:: TASK DESCRIPTION ::
An exact, picture-free copy of the listing is required.

:: SUPPLIED INFORMATION ::
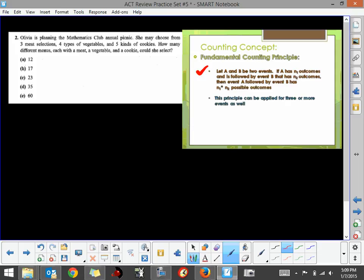So in this one here that I'm highlighting, if A and B are two events that we want to happen, if A has N sub 1 outcomes and the second event B has a certain number of outcomes, N sub 2, that are available, then you can find the total number of possible outcomes by taking N sub 1 and N sub 2.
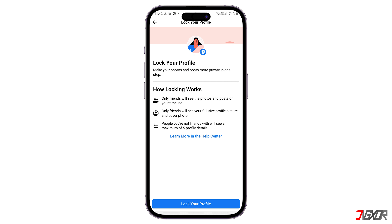Hi and welcome to a new video. Facebook's Profile Lock is a new security feature that allows users to limit who can see their information from people who aren't on their friends list. But what if you cannot enable this feature because the configuration is missing from the list? In this video, I will show you how you can fix this issue on your Facebook account.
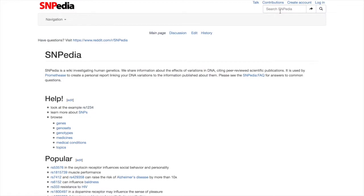Often, specific SNPs are linked to certain traits. Researchers use this database to look up information about known genetic variants and regularly add new information to the database.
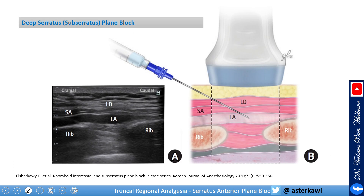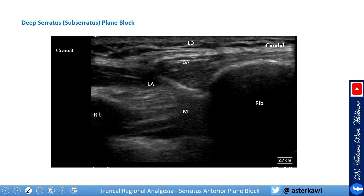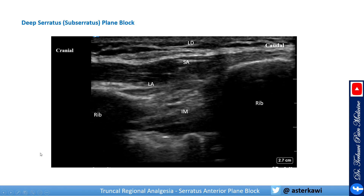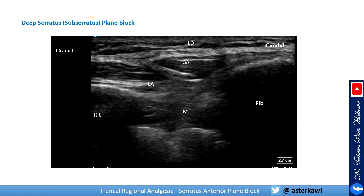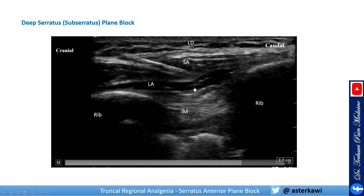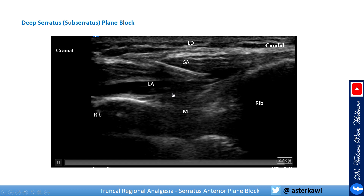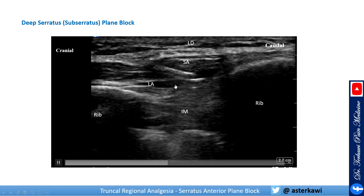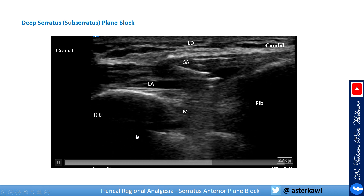For the deep serratus block, you go below the serratus anterior and above the intercostal muscle, and inject at that level. This video nicely demonstrates hydrodissection of the layer between the serratus anterior and the intercostal muscles, with the local anesthetic opening up the plane. Thank you for watching.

:: RESPONSE BELOW ::
So in this one here that I'm highlighting, if A and B are two events that we want to happen, if A has N sub 1 outcomes and the second event B has a certain number of outcomes, N sub 2, that are available, then you can find the total number of possible outcomes by taking N sub 1 and N sub 2.
Hi and welcome to a new video. Facebook's Profile Lock is a new security feature that allows users to limit who can see their information from people who aren't on their friends list. But what if you cannot enable this feature because the configuration is missing from the list? In this video, I will show you how you can fix this issue on your Facebook account.
Often, specific SNPs are linked to certain traits. Researchers use this database to look up information about known genetic variants and regularly add new information to the database.
For the deep serratus block, you go below the serratus anterior and above the intercostal muscle, and inject at that level. This video nicely demonstrates hydrodissection of the layer between the serratus anterior and the intercostal muscles, with the local anesthetic opening up the plane. Thank you for watching.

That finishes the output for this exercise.